Should the Council be able to offer Miss P a placement in its area, given the safety valve funding it has received?
- The funding agreement signed by the Council refers to it being provided with the aim of improving ‘local provision’. Mr L and the Council disagree over the definition of ‘local’ in this context, with Mr L taking the view that it means ‘within the Council’s geographical jurisdiction’.
- I note Mr L has said, in correspondence with the Council, that it is for the Ombudsman to interpret the proper meaning of ‘local’ here, but this is not correct. We have no power to determine the proper meaning of a legal agreement – this would be either for the Government (as the other party to the agreement), or ultimately the courts, to clarify.
- I can say, however, it is not uncommon for councils to find ‘out of area’ educational placements for children and young people with EHC plans.
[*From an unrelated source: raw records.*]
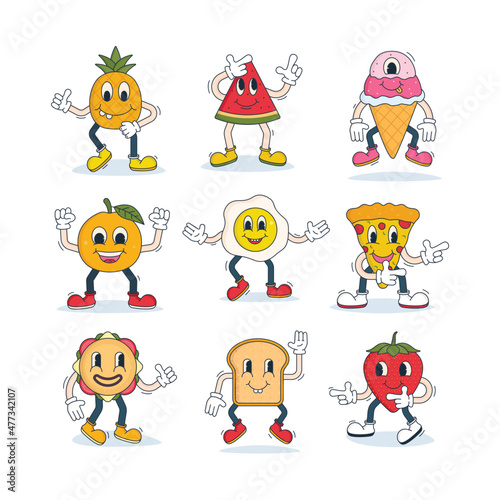 Set of 30s vintage cartoon characters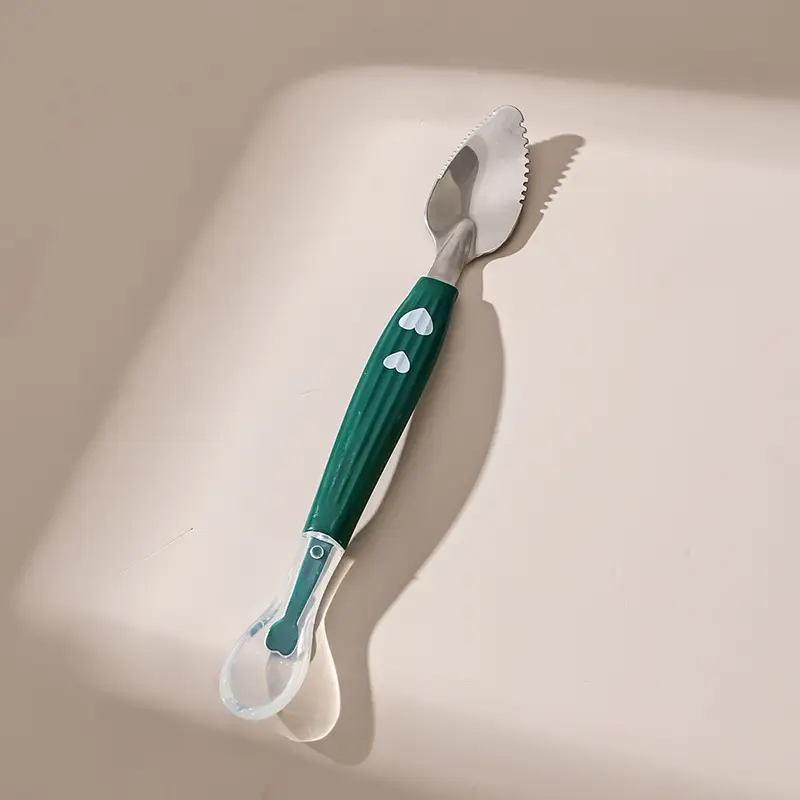 Double-Headed Peeling Spoon for Baby Food & Dredging - Image 4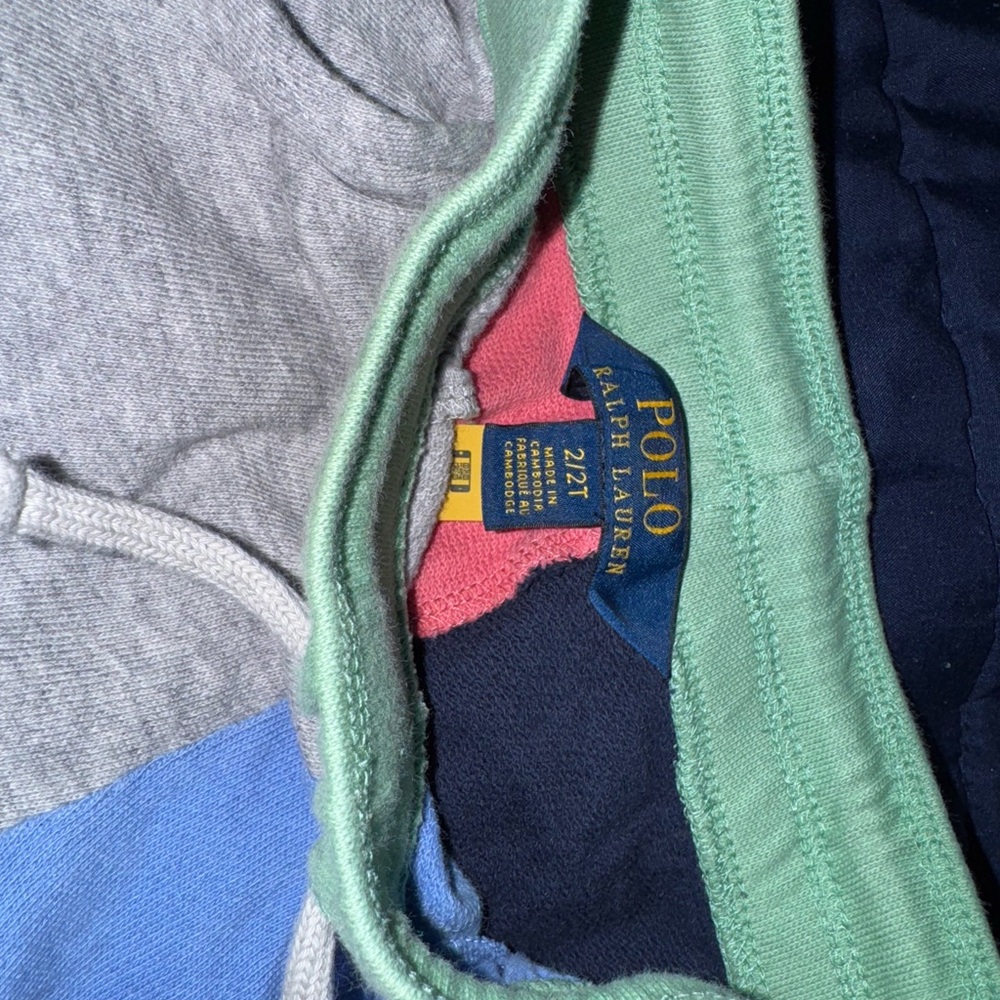 Ralph Lauren Colorblock Hoodie
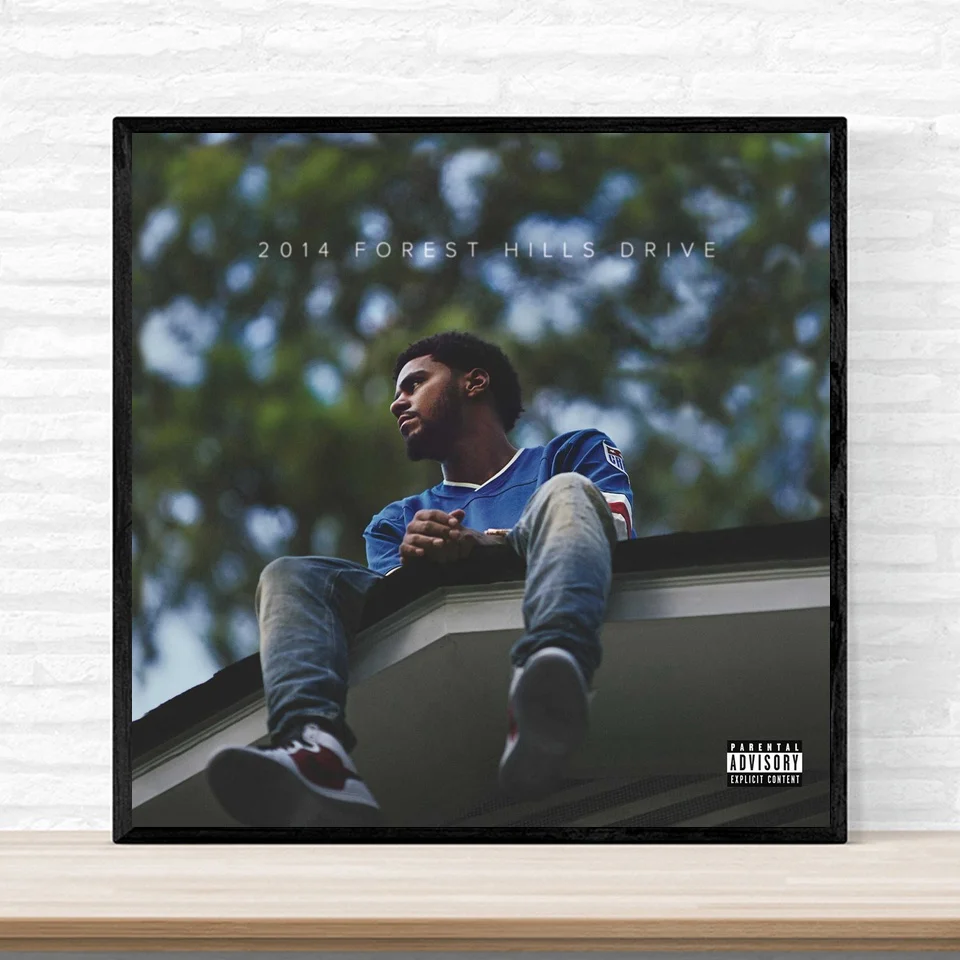 J Cole 2014 лесной холм Драйв музыкальный альбом Обложка постер печать на холсте
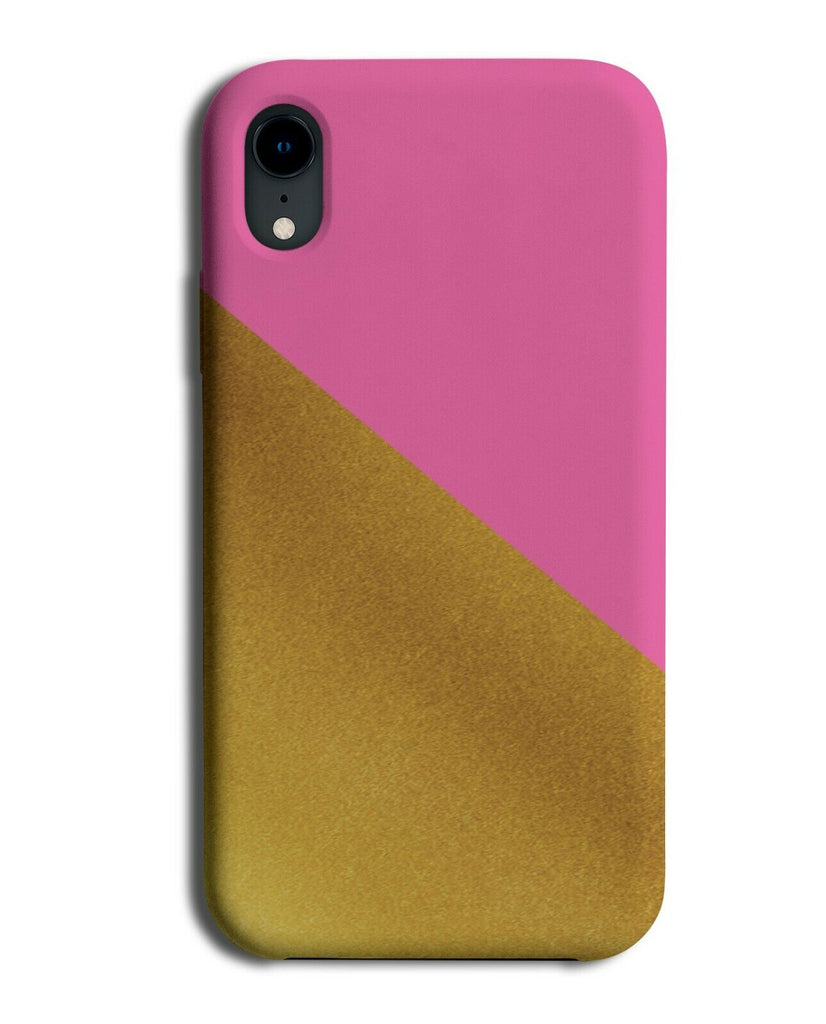 Hot Pink and Gold Phone Case Cover Dark Girly Gothic Goth Golden i429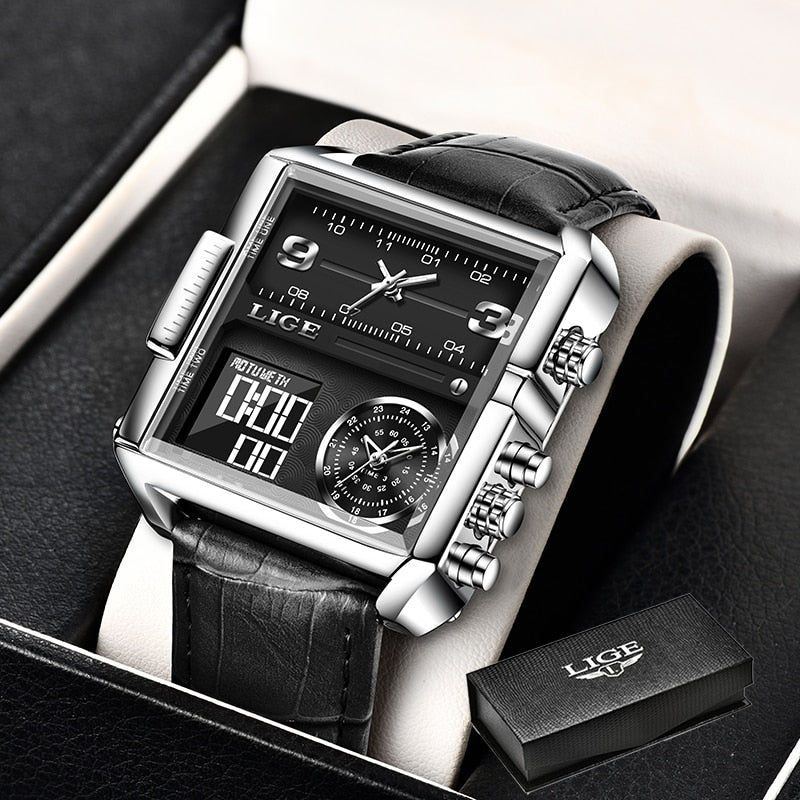 Militair Digitaal Herenhorloge Belleza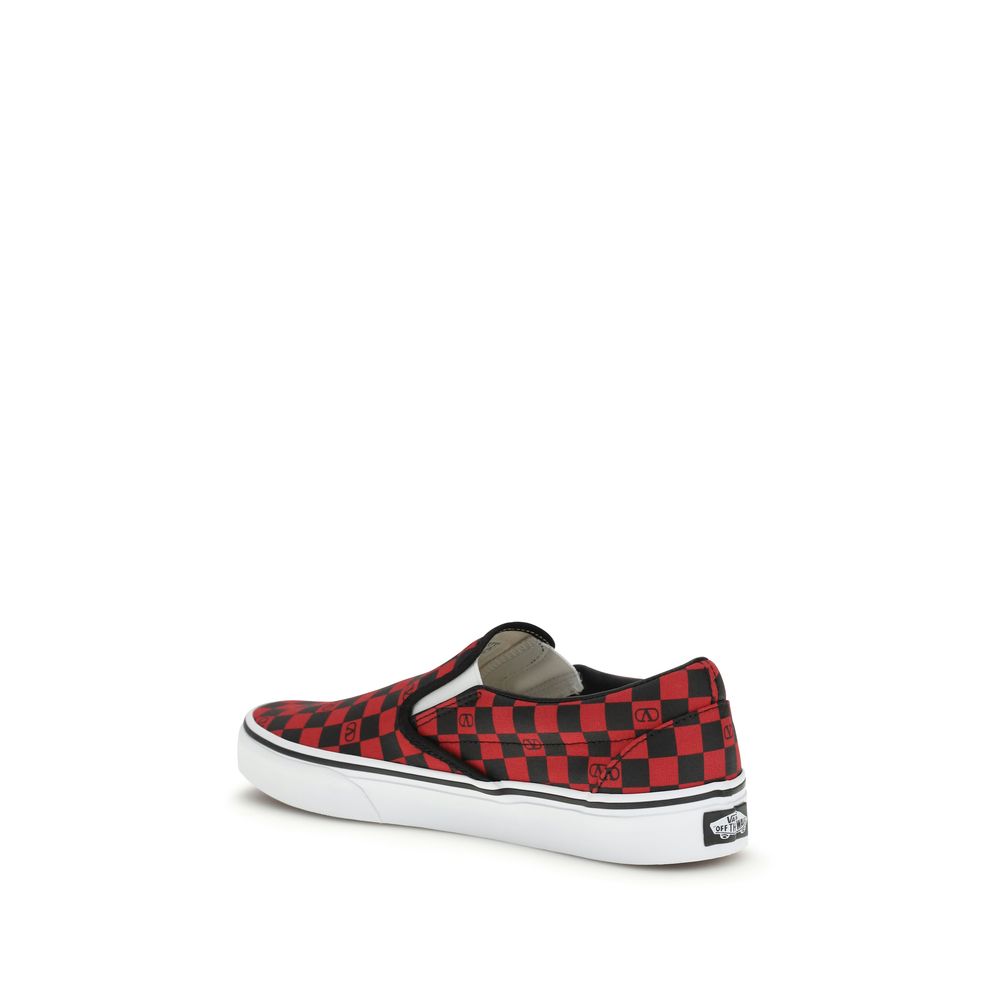 Valentino Garavani Multicolor Cotton Slip-On Sneakers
The fact this has happened in Miss P’s case, therefore, does not mean the Council is at fault.
- Either way, I do not consider the Council’s receipt of this funding to be a material point here. The purpose of such funding is to increase the availability of provision in the general sense. It is not a grant for individual students, and it does not mean that every single eligible child or young person will be guaranteed to receive a suitable placement in their area of choice.
- I find no fault in this element of Miss P’s complaint.
Agreed action
- Within one month of the date of my final decision, the Council has agreed to write a formal letter of apology to Miss P, acknowledging it made an incorrect assumption about her wishes, and that this caused some uncertainty and frustration to her. We publish guidance on remedies which sets out our expectations for how organisations should apologise effectively to remedy injustice. The Council should consider this guidance in making the apology I have recommended in my findings.
- The Council should provide us with evidence it has complied with the above actions.
Final decision
- I have completed my investigation with a finding of fault causing injustice.